But, as we all know, you can’t choose your neighbours.

For a period of time I would wake up in the middle of the night hearing people in the back alley repeatedly shout out “Herb!” I deduced that the guy who lived above me was an aptly named drug dealer. That conclusion was further supported by the occasional case of chemically imbalanced desperation coming from these shouting people, and the time I had to call the cops because a woman was freaking out and threatening him while banging on his door from out in the hallway. As a whole I could live with this situation. It made for interesting stories, at least, and I never felt my personal safety threatened any more than by neighbouring smokers falling asleep on futons.

But Herb moved, and in fixing up his apartment for future tenants the caretakers found one of my greatest fears: bedbugs. I received notice that my apartment would need to be partially fumigated as a precaution of preventing the bedbugs from migrating. (I don’t know how long they had been there when Herb was still around, but perhaps they were customers of his who wouldn’t leave for fear of getting cut off.)

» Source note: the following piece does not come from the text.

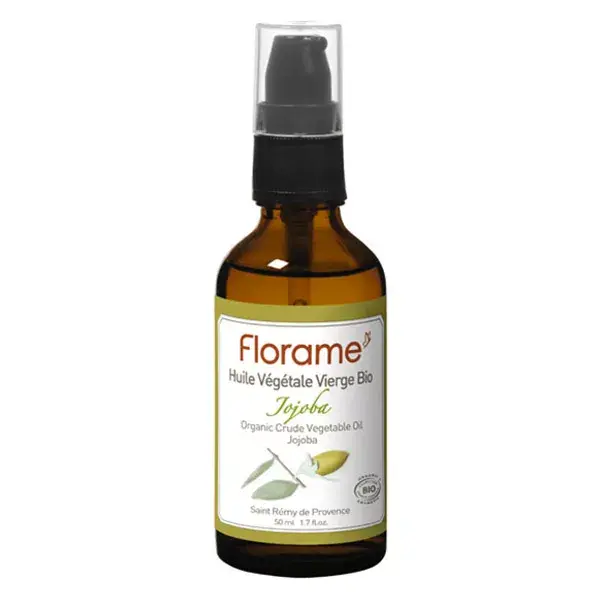 Óleo Vegetal de Jojoba Orgânico Florame para Aromaterapia 50ml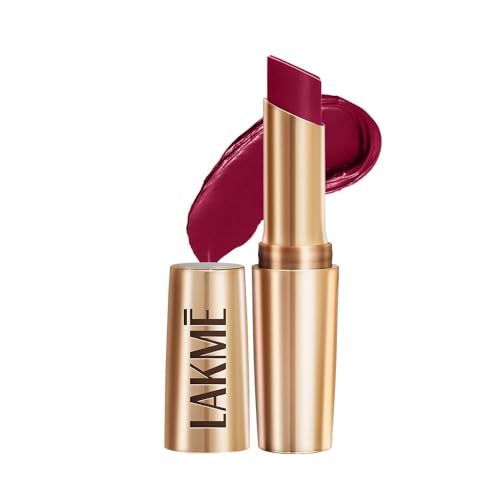 Lakme Powerplay Priming Matte Lipstick, Smooth Matte Finish, Lightweight Lipstick, Smudgeproof, Lasts 16hrs, Hydrates Lips, Red Velvet, 3.6g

So with a short notice, I had to prepare my apartment for treatment – moving e v e r y t h i n g at least two feet away from the wall – actually impossible – and putting all of my clothes in plastic bags. I’m lying on my couch that’s covered in a sheet, and all of my bedding is in the dryers in the basement laundry room. I’ve been nauseated by fumes, hard labour, a lack of food, and deep regret in going on the radio since I got home. My bed may not be in sleeping condition by the time I run out of fuel. The worst of this all is that bedbugs are one of my biggest rational fears that I’ve gone to irrational lengths to prevent, yet because I’m in an apartment building, a character building, in a central area of the city, it still happens to me.

The second worst of this all is I think I’m going to miss the wee hours back alley theatrics of people shouting out Herb.